Matriz Elétrica do Brasil e do Mundo
Energia Geotérmica no Brasil e no Mundo
Matriz Elétrica do Brasil e do Mundo
Energia renovável e sustentabilidade. Qualidades e conceitos que, no século XXI, se tornaram relevantes, fundamentais e indispensáveis. Hoje, quase toda empresa, seja ela industrial, agrícola, comercial ou bancária tem, no seu portfólio, referência a esse selo verde. Lamentavelmente, existem empresas solertes que se metamorfoseiam de “verde” para ganhar a simpatia e o apoio do consumidor ou do cliente.
As principais energias renováveis são: a hidráulica, eólica, solar, biomassa e geotérmica (Figura 1) [1]. São formas sustentáveis, com baixa emissão de gases de efeito estufa. As energias não renováveis mais utilizadas são: os combustíveis fósseis (petróleo, gás natural e carvão mineral) e energia nuclear.
A matriz energética de um país é composta por todas as formas de energia responsáveis pelo aquecimento, transportes e produção de eletricidade. Já a matriz elétrica de um país, se restringe àquelas formas de energia que geram eletricidade.
Vale a pena fazer uma análise comparativa da matriz elétrica do Brasil com a do resto do mundo [2], [3]. Na Figura 2, vemos que enquanto a média mundial utiliza cerca de 28% de energia renovável para produzir eletricidade, no Brasil, esse valor sobe para 81%! Nada mal.
No Brasil, a produção elétrica total atingiu (julho/2022) 196,6 gigawatts de potência instalada. Muito embora a maior contribuição ainda venha das hidrelétricas (53,5% do Brasil, 4% importada, totalizando 57,5%), essa participação vem diminuindo nos últimos anos.
A energia eólica já é a 2ª. maior fonte produtora de eletricidade no Brasil, respondendo por 10,8% do total ([4], [5]). No ranking mundial, o Brasil está na 6ª. posição. Com bons ventos, a região nordeste produz 80% da nossa energia eólica. As turbinas eólicas são aerogeradores que possuem hélices gigantescas, montadas sobre enormes torres com até 150m de altura (Figura 3).

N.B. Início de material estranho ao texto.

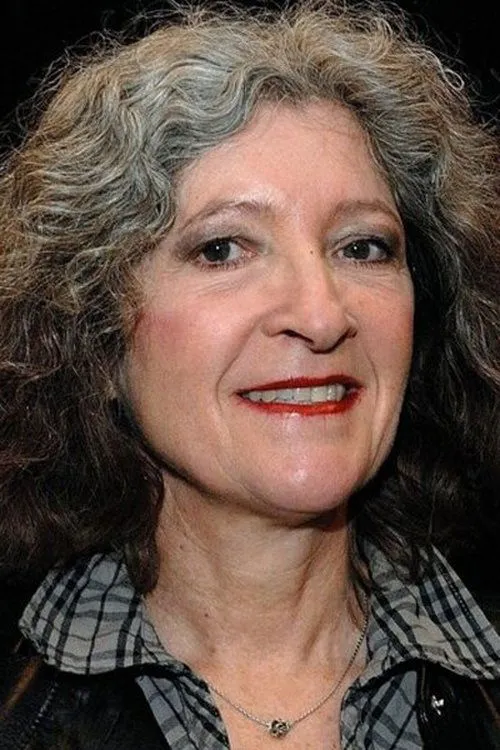 Kit Eichler — personaje: Monika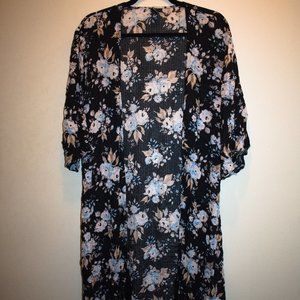 Forever 21 Floral Kimono/Shrug - Small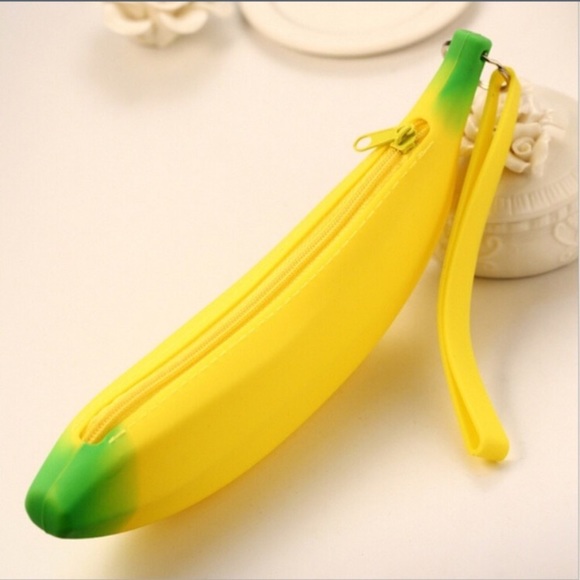 🍌 Last one!🍌 Super cute banana zipper pouch - Picture 2 of 8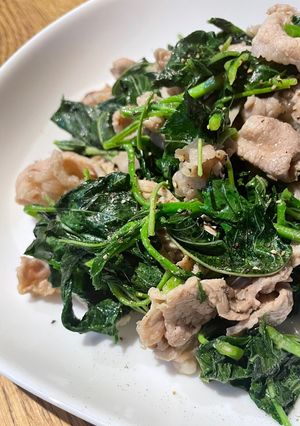 モロヘイヤと豚肉のナンプラー炒め-レシピのメイン写真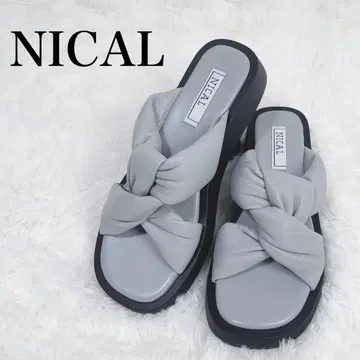 [ NICAL 니칼 ] 패디드 크로스 샌들 그레이 통굽 L 사이즈 히미코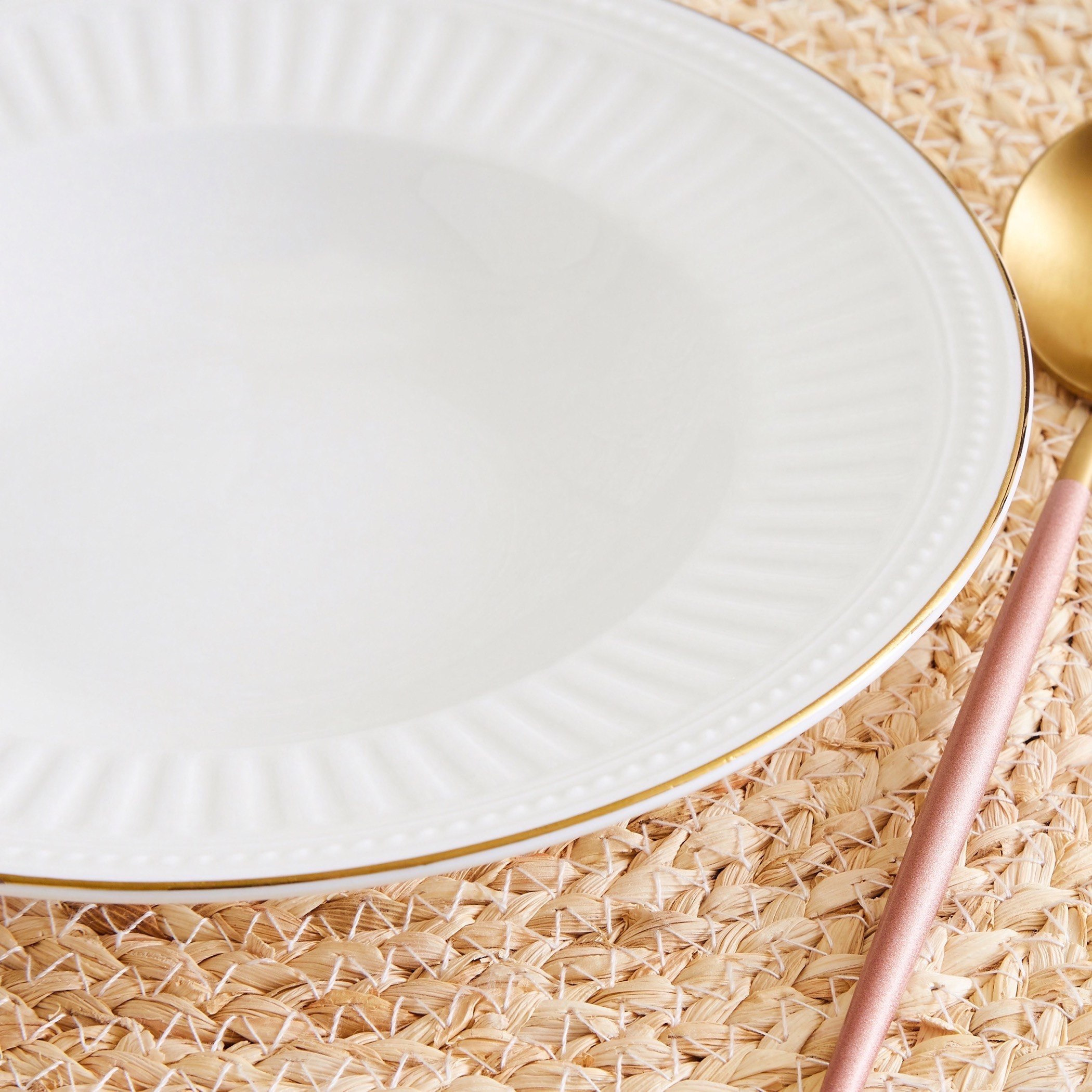 صحن شوربة منقوش بخط ذهبي - 22 سم-hbxdecorandfurnishings-tabletop-crockery-image-3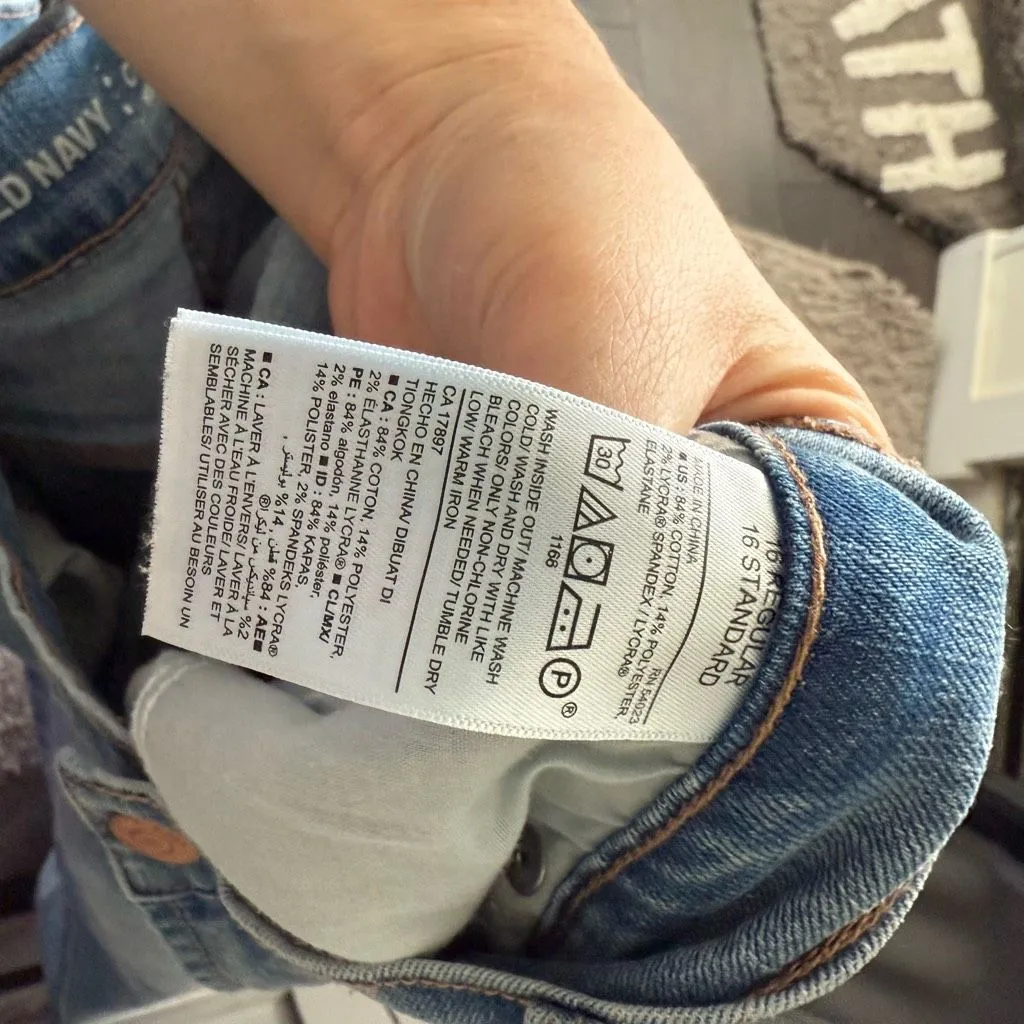 Old Navy Women’s 16 Curvy Profile Jeans - Image 5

A energia solar fotovoltaica é a 3ª. maior fonte de energia elétrica do Brasil, com 8,5% da produção nacional. Desse total, 69% correspondem a energia fotovoltaica distribuída (para residências, comércio, indústrias etc.) e 31% para a energia fotovoltaica centralizada (geradas pelas usinas fotovoltaicas). Recentemente, a energia elétrica fotovoltaica teve um crescimento explosivo pois, até 2016, praticamente, ela não existia no Brasil. No ranking mundial, o Brasil está em 13º. Lugar [5].
Ao contrário das usinas hidrelétricas que produzem energia continuamente, a energia fotovoltaica só opera durante o dia. O fornecimento noturno é feito ou por um banco de baterias ou via conexões com a rede hidrelétrica. Os dois estados com maior produção de energia fotovoltaica distribuída são Minas Gerais e São Paulo [4] e fotovoltaica centralizada são Minas Gerais e Bahia (Figura 4).
Paralelamente à produção de eletricidade, a energia fotovoltaica vem sendo utilizada na produção do “hidrogênio verde”, através da hidrólise da água que separa o hidrogênio do oxigênio. Esse hidrogênio, que é armazenado na forma líquida no tanque de combustível (do automóvel, caminhão ou ônibus) vai para a célula de combustível, reage com o oxigênio produzindo eletricidade. Daí por diante, os componentes eletromecânicos são iguais aos dos veículos elétricos com baterias de íons de Lítio. Para produzir “hidrogênio verde”, uma alternativa está sendo pesquisada [6]. Ela utiliza semicondutores, água e luz solar.
Antes de tratarmos das usinas geotérmicas, é interessante tecer algumas considerações sobre uma outra fonte renovável de eletricidade, mas com baixa eficiência. Consiste em utilizar as ondas das marés para movimentar as turbinas. São as chamadas usinas undi-elétricas. Essa fonte de energia renovável nem aparece na Figura 1, pois sua contribuição é ínfima, tanto no Brasil quanto no resto do mundo. O Brasil possui apenas uma única usina undi-elétrica construída no Ceará (Figura 5) [7].
A energia geotérmica é aquela proveniente do interior quente do nosso planeta. Ela pode ser aproveitada de maneira direta – para aquecimento e indireta – para geração de energia elétrica. Na forma direta, através da água ou vapor quentes, ela já era utilizada nos famosos banhos romanos.
Antes de discutirmos a utilização da energia geotérmica na sua forma indireta, isto é, para a produção de eletricidade, é muito importante analisarmos a origem desse calor planetário.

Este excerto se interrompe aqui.